_Exercise objective_
Down to the final character, output the records below as they stand.

_Records contained in a dataset_
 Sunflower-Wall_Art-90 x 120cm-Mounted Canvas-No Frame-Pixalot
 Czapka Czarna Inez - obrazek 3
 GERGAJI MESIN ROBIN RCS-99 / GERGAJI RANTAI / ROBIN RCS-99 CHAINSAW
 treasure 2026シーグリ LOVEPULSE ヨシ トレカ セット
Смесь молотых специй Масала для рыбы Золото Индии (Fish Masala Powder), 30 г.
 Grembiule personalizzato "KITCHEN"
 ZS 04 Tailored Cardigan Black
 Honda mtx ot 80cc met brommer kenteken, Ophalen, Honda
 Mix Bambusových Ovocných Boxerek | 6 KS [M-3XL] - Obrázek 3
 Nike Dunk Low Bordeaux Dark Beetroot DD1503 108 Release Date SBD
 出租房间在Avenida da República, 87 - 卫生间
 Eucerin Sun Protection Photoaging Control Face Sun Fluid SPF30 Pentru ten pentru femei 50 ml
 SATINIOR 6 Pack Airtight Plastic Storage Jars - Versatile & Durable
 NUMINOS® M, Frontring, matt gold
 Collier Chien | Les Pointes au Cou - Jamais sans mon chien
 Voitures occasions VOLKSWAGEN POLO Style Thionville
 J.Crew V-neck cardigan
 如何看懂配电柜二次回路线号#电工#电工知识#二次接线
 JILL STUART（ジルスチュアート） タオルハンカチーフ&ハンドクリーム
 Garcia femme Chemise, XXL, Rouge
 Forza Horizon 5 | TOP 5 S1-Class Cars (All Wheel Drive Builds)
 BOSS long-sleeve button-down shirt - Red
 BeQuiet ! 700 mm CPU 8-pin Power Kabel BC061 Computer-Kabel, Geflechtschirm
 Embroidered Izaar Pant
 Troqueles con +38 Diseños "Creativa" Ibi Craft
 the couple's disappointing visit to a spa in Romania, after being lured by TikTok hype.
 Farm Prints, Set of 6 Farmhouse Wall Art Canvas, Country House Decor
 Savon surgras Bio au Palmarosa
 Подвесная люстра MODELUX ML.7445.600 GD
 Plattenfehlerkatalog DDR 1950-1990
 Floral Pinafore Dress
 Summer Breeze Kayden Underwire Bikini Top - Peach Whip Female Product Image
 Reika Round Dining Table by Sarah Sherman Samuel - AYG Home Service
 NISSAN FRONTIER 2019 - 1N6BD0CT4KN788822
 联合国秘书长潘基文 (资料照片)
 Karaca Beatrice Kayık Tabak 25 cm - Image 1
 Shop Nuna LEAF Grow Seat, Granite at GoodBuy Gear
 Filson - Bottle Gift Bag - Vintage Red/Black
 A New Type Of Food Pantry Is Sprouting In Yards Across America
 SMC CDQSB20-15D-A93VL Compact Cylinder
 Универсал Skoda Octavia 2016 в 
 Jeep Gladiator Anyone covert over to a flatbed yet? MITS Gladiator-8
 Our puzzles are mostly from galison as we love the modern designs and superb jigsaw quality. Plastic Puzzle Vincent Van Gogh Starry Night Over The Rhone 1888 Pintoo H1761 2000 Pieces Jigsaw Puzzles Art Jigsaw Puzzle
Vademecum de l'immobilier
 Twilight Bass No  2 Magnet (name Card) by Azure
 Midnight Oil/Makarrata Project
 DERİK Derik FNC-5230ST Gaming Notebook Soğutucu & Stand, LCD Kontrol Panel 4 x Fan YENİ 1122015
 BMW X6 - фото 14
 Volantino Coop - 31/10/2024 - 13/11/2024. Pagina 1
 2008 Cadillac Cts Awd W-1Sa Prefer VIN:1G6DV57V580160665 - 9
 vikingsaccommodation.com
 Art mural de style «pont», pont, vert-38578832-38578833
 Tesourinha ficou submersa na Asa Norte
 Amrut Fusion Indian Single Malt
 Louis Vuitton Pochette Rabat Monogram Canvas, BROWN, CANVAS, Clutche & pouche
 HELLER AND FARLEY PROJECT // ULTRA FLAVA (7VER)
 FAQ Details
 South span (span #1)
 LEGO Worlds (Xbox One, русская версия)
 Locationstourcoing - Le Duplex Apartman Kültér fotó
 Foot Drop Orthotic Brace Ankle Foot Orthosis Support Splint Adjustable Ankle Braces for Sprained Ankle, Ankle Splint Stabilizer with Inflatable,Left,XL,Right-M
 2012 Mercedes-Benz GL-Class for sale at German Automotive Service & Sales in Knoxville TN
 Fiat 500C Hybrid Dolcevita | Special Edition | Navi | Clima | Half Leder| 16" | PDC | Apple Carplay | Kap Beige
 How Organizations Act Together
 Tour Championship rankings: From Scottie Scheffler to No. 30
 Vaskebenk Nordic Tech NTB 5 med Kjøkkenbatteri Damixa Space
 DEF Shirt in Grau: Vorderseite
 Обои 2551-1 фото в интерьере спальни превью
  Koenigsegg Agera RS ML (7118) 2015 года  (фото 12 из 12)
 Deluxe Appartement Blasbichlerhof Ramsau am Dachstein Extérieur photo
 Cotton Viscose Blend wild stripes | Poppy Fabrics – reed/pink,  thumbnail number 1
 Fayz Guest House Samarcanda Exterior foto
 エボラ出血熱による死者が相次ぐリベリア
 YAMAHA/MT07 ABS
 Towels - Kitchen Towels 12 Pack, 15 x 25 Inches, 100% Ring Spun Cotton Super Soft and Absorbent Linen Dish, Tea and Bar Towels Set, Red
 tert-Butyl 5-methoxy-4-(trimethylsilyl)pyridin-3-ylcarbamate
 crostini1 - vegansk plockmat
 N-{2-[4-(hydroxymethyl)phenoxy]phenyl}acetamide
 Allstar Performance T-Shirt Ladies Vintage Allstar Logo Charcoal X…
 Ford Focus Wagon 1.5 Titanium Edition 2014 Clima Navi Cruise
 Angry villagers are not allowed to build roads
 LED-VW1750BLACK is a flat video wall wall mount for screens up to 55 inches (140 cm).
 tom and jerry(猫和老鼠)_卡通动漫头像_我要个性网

_Solution for this problem_
 Sunflower-Wall_Art-90 x 120cm-Mounted Canvas-No Frame-Pixalot
 Czapka Czarna Inez - obrazek 3
 GERGAJI MESIN ROBIN RCS-99 / GERGAJI RANTAI / ROBIN RCS-99 CHAINSAW
 treasure 2026シーグリ LOVEPULSE ヨシ トレカ セット
Смесь молотых специй Масала для рыбы Золото Индии (Fish Masala Powder), 30 г.
 Grembiule personalizzato "KITCHEN"
 ZS 04 Tailored Cardigan Black
 Honda mtx ot 80cc met brommer kenteken, Ophalen, Honda
 Mix Bambusových Ovocných Boxerek | 6 KS [M-3XL] - Obrázek 3
 Nike Dunk Low Bordeaux Dark Beetroot DD1503 108 Release Date SBD
 出租房间在Avenida da República, 87 - 卫生间
 Eucerin Sun Protection Photoaging Control Face Sun Fluid SPF30 Pentru ten pentru femei 50 ml
 SATINIOR 6 Pack Airtight Plastic Storage Jars - Versatile & Durable
 NUMINOS® M, Frontring, matt gold
 Collier Chien | Les Pointes au Cou - Jamais sans mon chien
 Voitures occasions VOLKSWAGEN POLO Style Thionville
 J.Crew V-neck cardigan
 如何看懂配电柜二次回路线号#电工#电工知识#二次接线
 JILL STUART（ジルスチュアート） タオルハンカチーフ&ハンドクリーム
 Garcia femme Chemise, XXL, Rouge
 Forza Horizon 5 | TOP 5 S1-Class Cars (All Wheel Drive Builds)
 BOSS long-sleeve button-down shirt - Red
 BeQuiet ! 700 mm CPU 8-pin Power Kabel BC061 Computer-Kabel, Geflechtschirm
 Embroidered Izaar Pant
 Troqueles con +38 Diseños "Creativa" Ibi Craft
 the couple's disappointing visit to a spa in Romania, after being lured by TikTok hype.
 Farm Prints, Set of 6 Farmhouse Wall Art Canvas, Country House Decor
 Savon surgras Bio au Palmarosa
 Подвесная люстра MODELUX ML.7445.600 GD
 Plattenfehlerkatalog DDR 1950-1990
 Floral Pinafore Dress
 Summer Breeze Kayden Underwire Bikini Top - Peach Whip Female Product Image
 Reika Round Dining Table by Sarah Sherman Samuel - AYG Home Service
 NISSAN FRONTIER 2019 - 1N6BD0CT4KN788822
 联合国秘书长潘基文 (资料照片)
 Karaca Beatrice Kayık Tabak 25 cm - Image 1
 Shop Nuna LEAF Grow Seat, Granite at GoodBuy Gear
 Filson - Bottle Gift Bag - Vintage Red/Black
 A New Type Of Food Pantry Is Sprouting In Yards Across America
 SMC CDQSB20-15D-A93VL Compact Cylinder
 Универсал Skoda Octavia 2016 в 
 Jeep Gladiator Anyone covert over to a flatbed yet? MITS Gladiator-8
 Our puzzles are mostly from galison as we love the modern designs and superb jigsaw quality. Plastic Puzzle Vincent Van Gogh Starry Night Over The Rhone 1888 Pintoo H1761 2000 Pieces Jigsaw Puzzles Art Jigsaw Puzzle
Vademecum de l'immobilier
 Twilight Bass No  2 Magnet (name Card) by Azure
 Midnight Oil/Makarrata Project
 DERİK Derik FNC-5230ST Gaming Notebook Soğutucu & Stand, LCD Kontrol Panel 4 x Fan YENİ 1122015
 BMW X6 - фото 14
 Volantino Coop - 31/10/2024 - 13/11/2024. Pagina 1
 2008 Cadillac Cts Awd W-1Sa Prefer VIN:1G6DV57V580160665 - 9
 vikingsaccommodation.com
 Art mural de style «pont», pont, vert-38578832-38578833
 Tesourinha ficou submersa na Asa Norte
 Amrut Fusion Indian Single Malt
 Louis Vuitton Pochette Rabat Monogram Canvas, BROWN, CANVAS, Clutche & pouche
 HELLER AND FARLEY PROJECT // ULTRA FLAVA (7VER)
 FAQ Details
 South span (span #1)
 LEGO Worlds (Xbox One, русская версия)
 Locationstourcoing - Le Duplex Apartman Kültér fotó
 Foot Drop Orthotic Brace Ankle Foot Orthosis Support Splint Adjustable Ankle Braces for Sprained Ankle, Ankle Splint Stabilizer with Inflatable,Left,XL,Right-M
 2012 Mercedes-Benz GL-Class for sale at German Automotive Service & Sales in Knoxville TN
 Fiat 500C Hybrid Dolcevita | Special Edition | Navi | Clima | Half Leder| 16" | PDC | Apple Carplay | Kap Beige
 How Organizations Act Together
 Tour Championship rankings: From Scottie Scheffler to No. 30
 Vaskebenk Nordic Tech NTB 5 med Kjøkkenbatteri Damixa Space
 DEF Shirt in Grau: Vorderseite
 Обои 2551-1 фото в интерьере спальни превью
  Koenigsegg Agera RS ML (7118) 2015 года  (фото 12 из 12)
 Deluxe Appartement Blasbichlerhof Ramsau am Dachstein Extérieur photo
 Cotton Viscose Blend wild stripes | Poppy Fabrics – reed/pink,  thumbnail number 1
 Fayz Guest House Samarcanda Exterior foto
 エボラ出血熱による死者が相次ぐリベリア
 YAMAHA/MT07 ABS
 Towels - Kitchen Towels 12 Pack, 15 x 25 Inches, 100% Ring Spun Cotton Super Soft and Absorbent Linen Dish, Tea and Bar Towels Set, Red
 tert-Butyl 5-methoxy-4-(trimethylsilyl)pyridin-3-ylcarbamate
 crostini1 - vegansk plockmat
 N-{2-[4-(hydroxymethyl)phenoxy]phenyl}acetamide
 Allstar Performance T-Shirt Ladies Vintage Allstar Logo Charcoal X…
 Ford Focus Wagon 1.5 Titanium Edition 2014 Clima Navi Cruise
 Angry villagers are not allowed to build roads
 LED-VW1750BLACK is a flat video wall wall mount for screens up to 55 inches (140 cm).
 tom and jerry(猫和老鼠)_卡通动漫头像_我要个性网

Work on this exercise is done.